今度は黙って会話を聞いていたスキンヘッドの男性(Cさん)が口を開いた。

「でもよぉ、週刊誌さんは最近、何を追っかけてんだ。安倍元首相のことは取材しないのか。検察の黒川とか、俺はもともと麻雀仲間だよ。よく一緒に卓を囲んだ」

 黒川とは元検事長の黒川弘務氏のことだろう。本当かどうかはわからないが、ほかにも黒川氏が連れてきた部下たちとも麻雀をしたという。一体何をしていた人なのか――。

ホームレスたちの“本音”

「俺はこの生活をして3年ぐらいだ。以前は建設会社を経営してたんだよ。わりと裕福な生活をしてたんだけどな、ただまぁ会社を潰すことになって……。あのとき死んどけばよかったなってよく思うよ。保険金も出たし、家族に迷惑をかけずにすんだ……。でもね、死ねなかったんだよ。死ぬ勇気がなかった」(Cさん)

 淡々と語っているが、当時のことを思い出し、悔やんでいるように見えた。家族とは、会ってないのか。

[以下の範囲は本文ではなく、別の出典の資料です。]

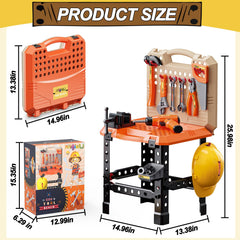 Magic4U Kids Tool Bench Set kids playing together promotes cooperative pretend tasks.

「娘がふたりいるんだけど、今は28歳と32歳。たまに会ってるよ。一緒にカラオケに行ったりね。“お父さん一緒に住もう”って言ってくれるけどな……」(Cさん)

 それでも、家族とは一緒に住めないという。

「負担になるだろう。俺を抱える責任を、娘たちに押し付けられない。ホームレスをやってるような俺にも、心配してくれる人はいるけれど、やっぱり迷惑はかけられないから。娘には、自分の人生を大切にしろって言ってるよ。悪い男につかまったときと、困ったときは連絡しろって。こんな状態だから、あんまり力にはなれないけれど(笑)」(Cさん)

 横で聞いていたAさんが再び口を挟む。

「そもそも、俺はこんな状態になっているって新潟にいる兄貴や、北海道にいる姉貴に言えねぇよ。家族もいて、子どももいるんだから」

 生活保護という選択もあるはずだが……。

「確かに月15万円もらったら、楽だと思う。でも、俺みたいな人間が国の世話になんて、とてもなれない。死ぬこともできないし、だったら、どう生きようかって考えてこの生活をしてるのよ。なにより縛られるってのは向いてない。金を稼ぐのも楽ではないし、高校生に殴られて骨を折ったことだってあったけど、自由がいいのよ」(Cさん)

 では、DaiGoが“ホームレスは必要ない”“命は平等じゃない”と発言したことについては、どう思うのか。この発言を知らなかった彼らに説明すると、

「そんなこと言われたって、ホームレスはいるんだからなぁ……」

 とAさん。Cさんは、

「税金も払ってないし、俺たちは“人間”じゃないのかもなぁ。犯罪行為で金を稼ぐ暴力団や半グレと一緒さ。空き缶を盗んでいるんだから。背負う罪の重さは違うけど、そう言われても、しょうがない気はするけどな」

 としたうえで、こう続ける。

「迷惑はかけていないとは言わない。だけど、必要ないって、死んだほうがいいってことだろ。誰かにそこまで言われる筋合いはないよ。死んだほうがいいなんてことは、自分が一番わかっていること。だからこういう生活をしているんだから」(Cさん)

 そう話すと、河川敷を見つめ、手にしたワンカップをぐびりとあおった――。

 それぞれの事情を抱えているホームレスたち。自称“月収9億円”のDaiGoでも、彼らをバッサリ切り捨てる権利なんてないのだ。